Case Description/Methods: An 81-year-old female with no significant past medical or family history presented for generalized weakness. The physical examination was normal. Labs showed hemoglobin of 4.9 and CEA value of 90.6 ng/ml. Anemia workup revealed Iron deficiency. The patient received 3 units of packed red blood cells and started on iron replacement. Colonoscopy findings revealed one 30mm polyp at rectosigmoid colon and few 5-20mm polyps in sigmoid, descending, and ascending colon with 4 partially obstructing mass lesions in proximal descending colon, hepatic flexure, cecum and ileocecal valve. Pathology diagnosed all the lesions as invasive adenocarcinoma with signet cell and mucin presence associated with tubulo-villous adenoma. Computed tomography of chest, abdomen and pelvis did not reveal any evidence of metastatic disease. Surgery and Oncology consulted for further management.

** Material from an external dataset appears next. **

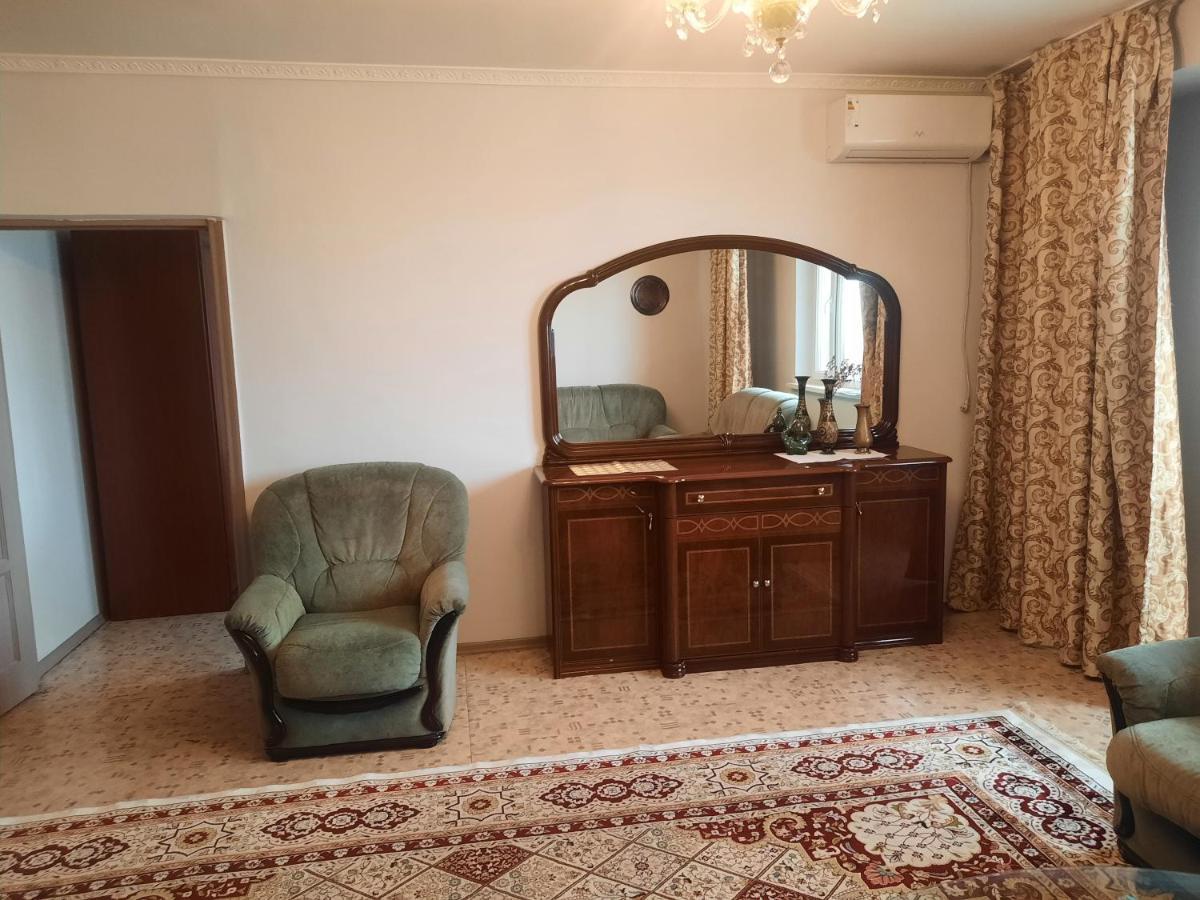Apartment Shevchenko Panfilova อัลมาตี ภายนอก รูปภาพ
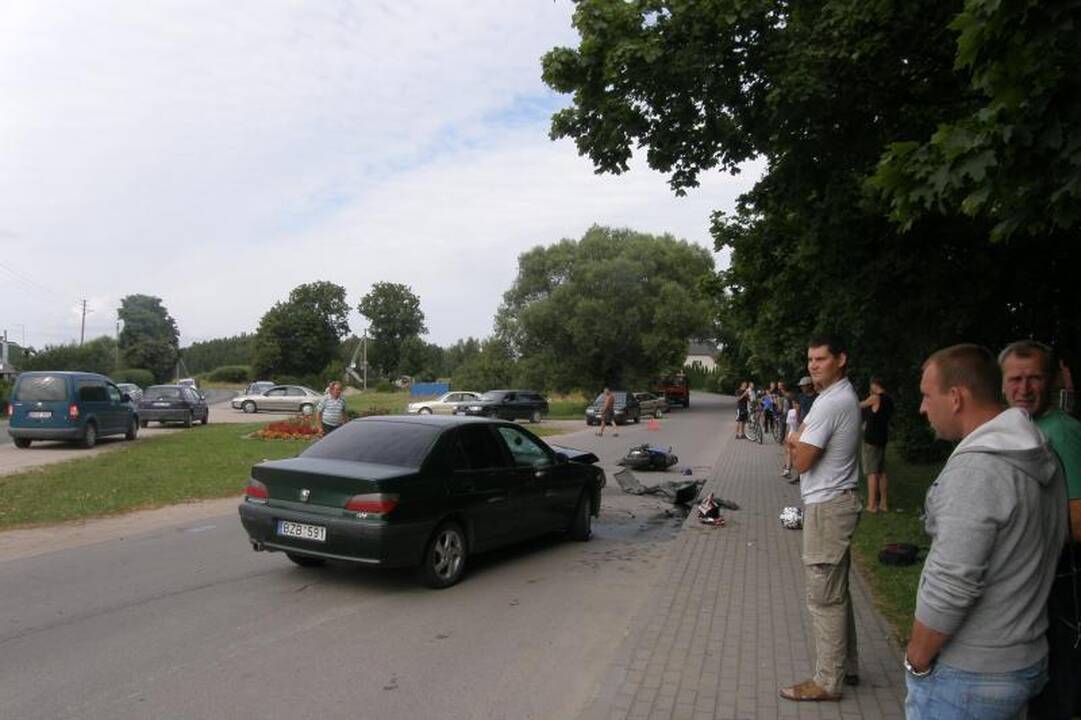 Doviluose per savaitę - antra kruvina motociklo avarija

Discussion: Inflammatory bowel disease, familial adenomatous polyposis and hereditary non polyposis colorectal cancer has been shown to be significant predisposing risk factors for synchronous CRC. However, they contribute to only 10% of all cases of synchronous CRC, which indicates that most of the risk factors are still unknown for synchronous CRC. Studies reported that most synchronous lesions occur in different regions of colon and only a few develop at the same segment, therefore it is important to have a thorough pre-operative examination of the colon. Despite the growing incidence of synchronous CRC, little is known about the risk factors, molecular characteristics, and prognosis. We aim to add to the growing literature for detailed review of the profiles of such patients to aid in identification of at-risk patients to design more effective and targeted therapies to improve outcomes.